Hedgehog poops tend to be found in a variety of places around the house including on carpets, furniture, and anywhere else that your pet can easily reach.

Unusual Habits:

    • Caching Droppings: Hedgehogs will often store their droppings in one area as if they were saving food for later. This behavior is particularly common during hibernation periods when the hedgehog needs to conserve energy by eating less.
    • Burying Droppings: Another strange habit hedgehog have with regard to pooping is burying their droppings under bedding material or soft items such as towels.
    • Splattering Droppings: Occasionally hedgehog owners may find small splatter marks on walls or furniture near where the hedgehog sleeps due to its scurrying around while it’s relieving itself.

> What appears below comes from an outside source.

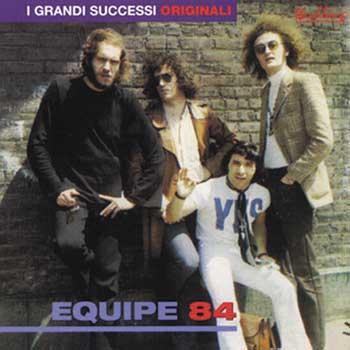 I Grandi Successi Originali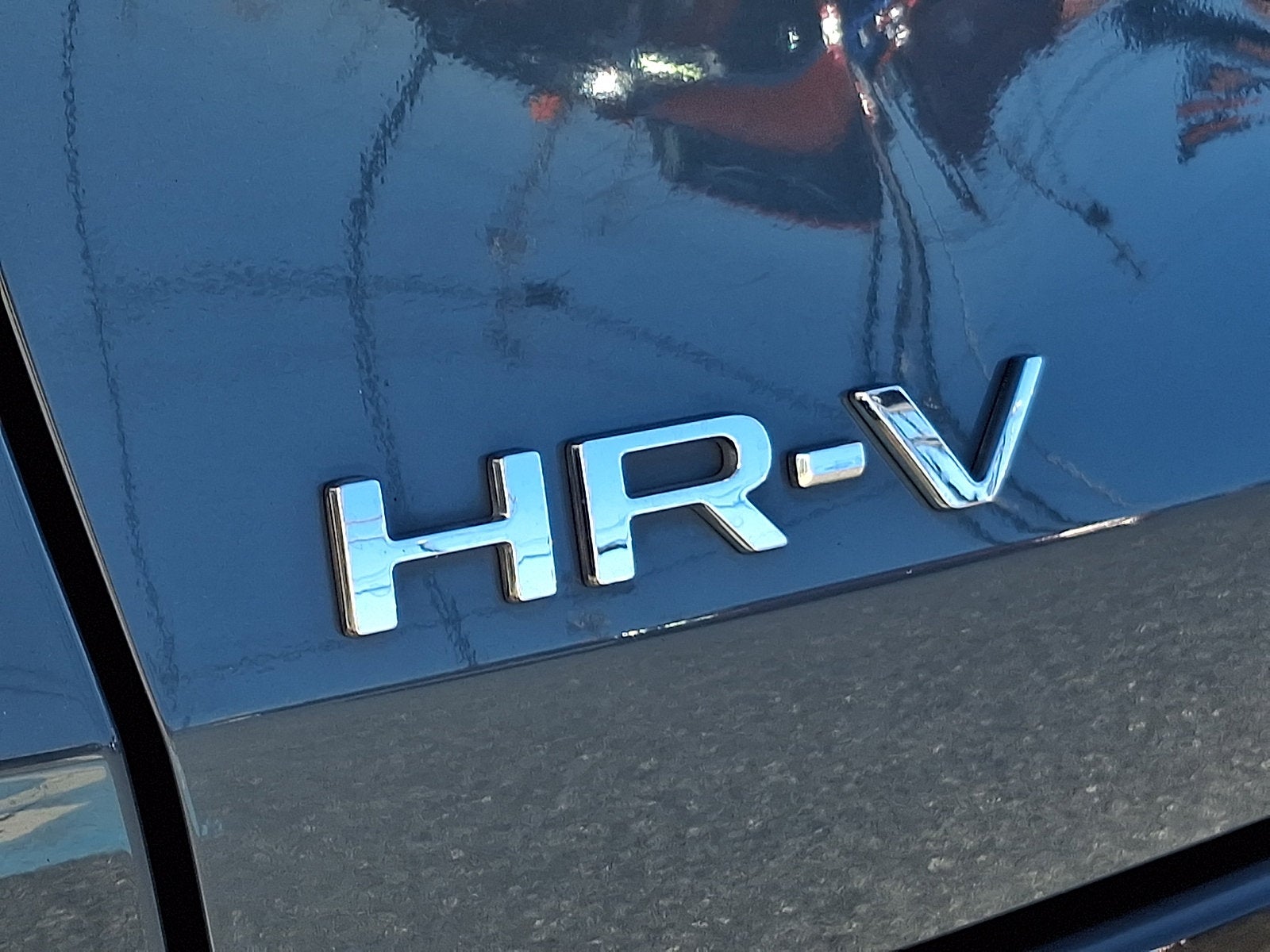 2023 Honda HR-V AWD EX-L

The Unfortunate Reality of Hedgehog Habits

Hedgehogs are unique and adorable animals, but unfortunately their habits can be quite destructive. From digging in gardens to gnawing furniture, hedgehogs can wreak havoc if not properly managed.

Digging Problems

Hedgehogs love to dig, which can be a problem for gardeners who don’t want their plants disturbed. Hedgehog holes may also become homes for other unwelcome guests such as rats or mice. To prevent this, it is best to keep the area around your home free of potential burrowing sites by keeping vegetation low and any mulch or compost covered.

Gnawing Problems

Another issue with hedgehog habits is that they like to chew on objects such as wood, plastic and metal. This can cause damage to fences, furniture and even electrical cables. To discourage this behavior it is important to block off any areas where the hedgehog might find something appealing to chew on.

Nocturnal Activity

Finally, one more habit of the hedgehog that many homeowners do not enjoy is its nocturnal activity. Hedgehogs like to roam around at night looking for food which can disturb sleep patterns and disrupt lawns or landscaping.

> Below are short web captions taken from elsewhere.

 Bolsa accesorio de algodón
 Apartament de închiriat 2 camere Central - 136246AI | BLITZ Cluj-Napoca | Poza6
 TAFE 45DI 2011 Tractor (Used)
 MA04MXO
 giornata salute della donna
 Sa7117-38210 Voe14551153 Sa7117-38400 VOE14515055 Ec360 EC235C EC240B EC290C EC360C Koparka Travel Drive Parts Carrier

  • To reduce these problems:
  • Keep vegetation low near your home;
  • Block off potential chewing sites;
  • Provide plenty of food sources during daylight hours;
  • Monitor nighttime activities;


In conclusion, hedgehogs may eat feces as a source of nutrition in the wild, but their diet is mainly composed of insects and other invertebrates. In captivity, owners should provide their pet with a complete and balanced diet to ensure they are receiving adequate nutrition without resorting to scavenging for food. Additionally, it is advised that any areas where the hedgehog might come into contact with fecal matter be kept clean in order to reduce chances of them consuming anything potentially harmful.


  • Frederick

    Frederick Faunce is an experienced and passionate hedgehog writer, blogger, and researcher. He has dedicated his life to understanding the conservation and care of hedgehogs, and is committed to educating and inspiring others to do the same.